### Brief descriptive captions
◇ ◇ ◇ ◇

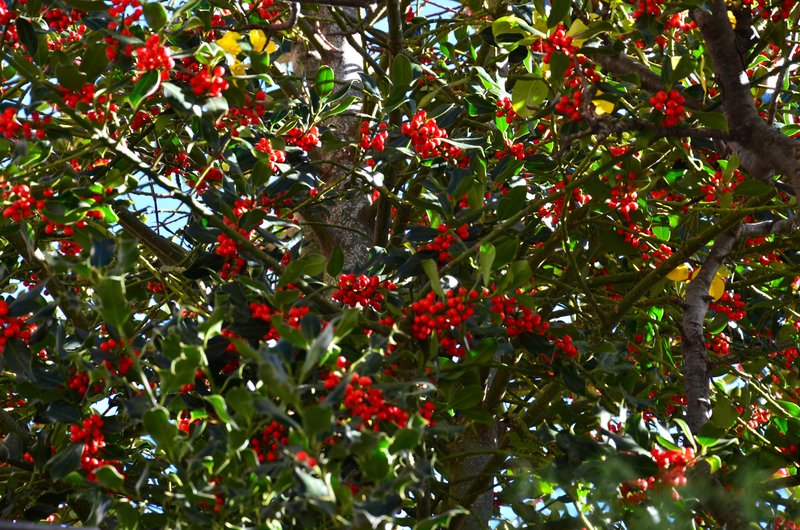 Ordino-31-10-2015 - Andorra y sus pueblos-2015 (4)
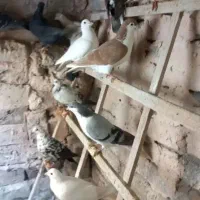 سلام دوستان یک عدد صده سورخ گوم کردم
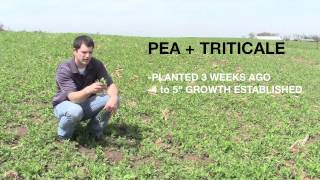 PEA TRITICALE FORAGE SEED [upl. by Khanna]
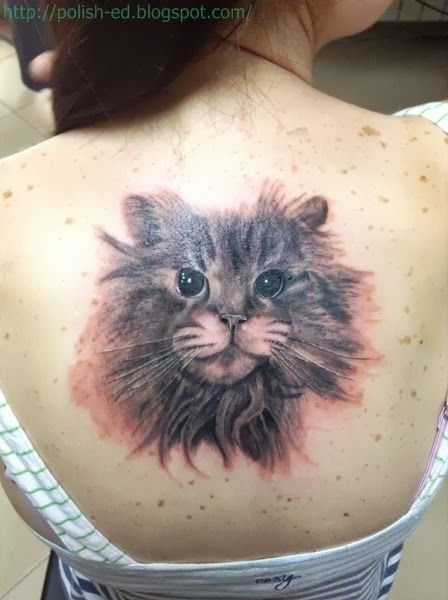 fluffy cat tattoo on back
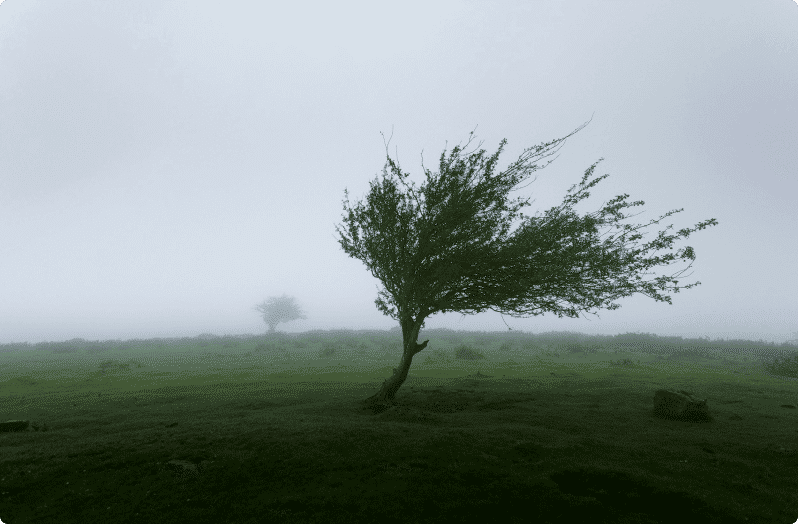 tree blowing in a strong storm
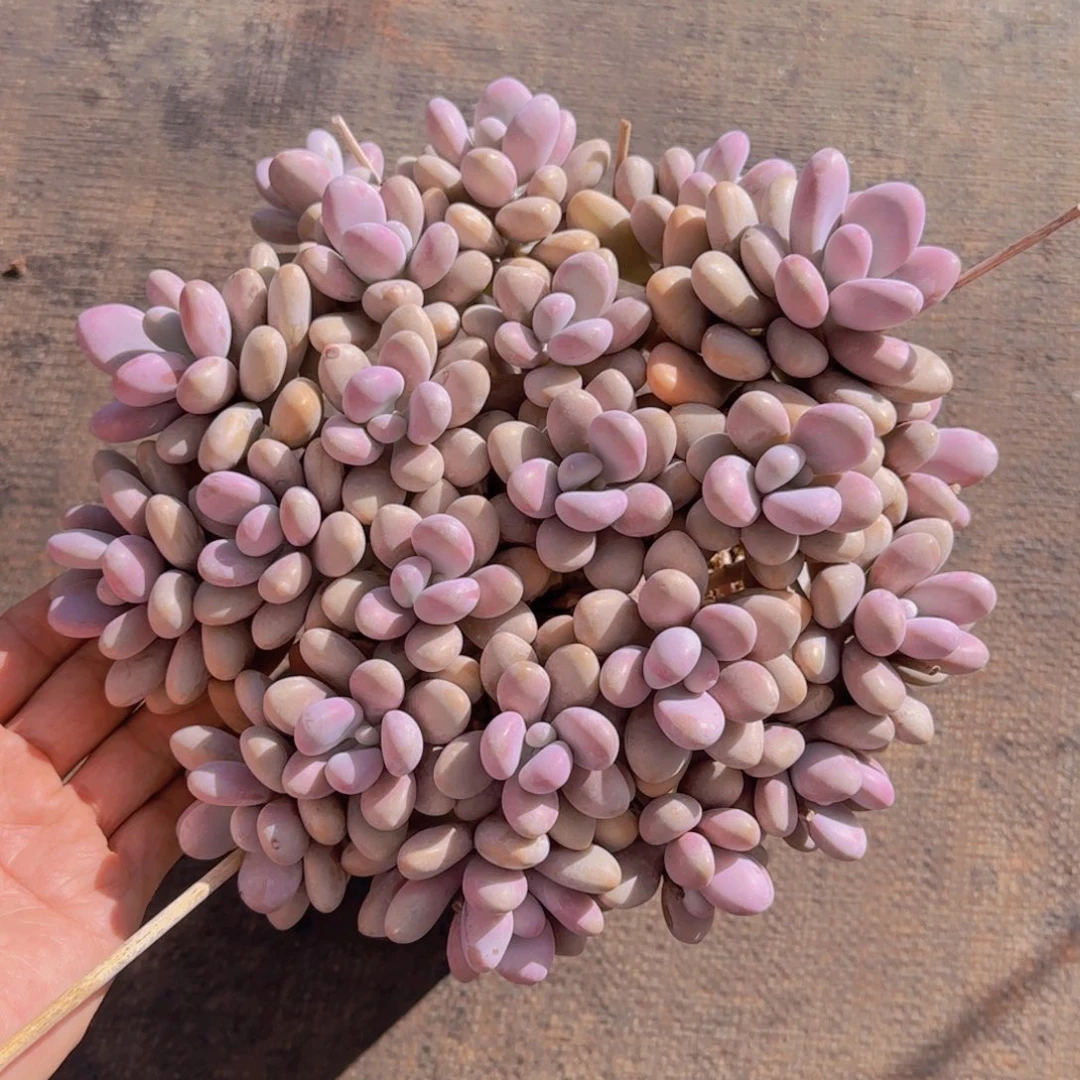 静待花开寄养11111111111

◇ ◇ ◇ ◇

### ASSIGNMENT
Copy the entries above exactly from the line with "fluffy cat tattoo on back" down to their last line, both ends included. Do not copy any pictures.

### OUTPUT OF THE TASK
 fluffy cat tattoo on back
 tree blowing in a strong storm
 静待花开寄养11111111111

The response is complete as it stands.